On the flip side, “a domestic bond portfolio may benefit from a stronger dollar because it helps hold down inflation and boost foreign investment in the US bond market.”
Last Week’s Sell Off Suggests That Volatility Is On The Rise (BlackRock Blog)
There’s was “no significant or obvious catalyst for the sell-off” last week, but it appears to “have been a case of lingering geopolitical risks running into market complacency and some stretched valuations,” according to BlackRock’s Russ Koesterich.
The recent sell-off does signify two things about the markets. First, that volatility is the on the rise. Although volatility is still low by historical standards — the VIX peaked around 16, “still 20% below the long-term average” — but the anticipated rate hike and “slightly less benign” credit conditions will likely change that soon.
And secondly, “valuations are likely to matter more as markets become less driven by momentum. While equities in general have been struggling since the S&P 500 Index first crossed the 2,000 threshold in late August, various market segments are behaving differently. In a sign that investors are paying closer attention to the importance of relative value, segments that still appear to be relative bargains are outperforming those with more expensive valuations,” writes Koesterich.
Lots of US companies have recently announced plans to merge with international firms. Many companies do this in order to lower their taxes — think Burger King’s union with Canada’s Tim Hortons. Although, it’s important to note that the company must still pay taxes on all products sold in the US.

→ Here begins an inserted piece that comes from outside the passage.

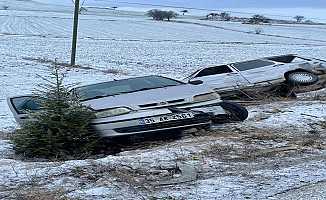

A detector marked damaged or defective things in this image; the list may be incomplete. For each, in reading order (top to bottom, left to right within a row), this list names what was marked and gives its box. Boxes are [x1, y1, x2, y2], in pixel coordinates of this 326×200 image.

An inverted company’s lower taxes means higher after-tax earnings. Consequently, many investors automatically think that it’s a great idea to invest in these inverted companies.

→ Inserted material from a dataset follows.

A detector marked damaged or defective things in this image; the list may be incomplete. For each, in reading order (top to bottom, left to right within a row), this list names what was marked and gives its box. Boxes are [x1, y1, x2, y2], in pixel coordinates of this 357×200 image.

However, the problem is that because companies merged for the wrong reasons (namely, taxes — rather than because its the best choice for the company) it may actually be a bad idea to invest in these companies. “A recent study that looks at all inverted companies for the past 30 years found that half outperformed the market and half underperformed.”
Advisors Shouldn’t Blog About Investing If They Want To Attract Clients (Advisor Perspectives)
“Many advisors have embraced the idea that blogging should be part of their marketing strategy. Yet they often struggle to come up with new ideas for blog posts. After all, how many times can you talk about 401(k)s, retirement planning and diversification? There’s a lot to say about such worthy topics, but after a while, you could feel like you’re repeating yourself. Worse, your audience may feel the same way and tune out,” writes Megan Elliott.
Although many advisors want to blog in order to market themselves or build a reputation, blogging only about investing often drives away clients because they get bored. Instead, investors should use the blogging medium to write about the clients’ interests, Elliot suggests.
That way, you can make connections with your clients and they will feel like they can trust you. “Maybe a movie you just saw has lessons that could help people better prepare for retirement. Perhaps you can make a connection between last week’s big game and how you manage money for clients,” Elliot suggests.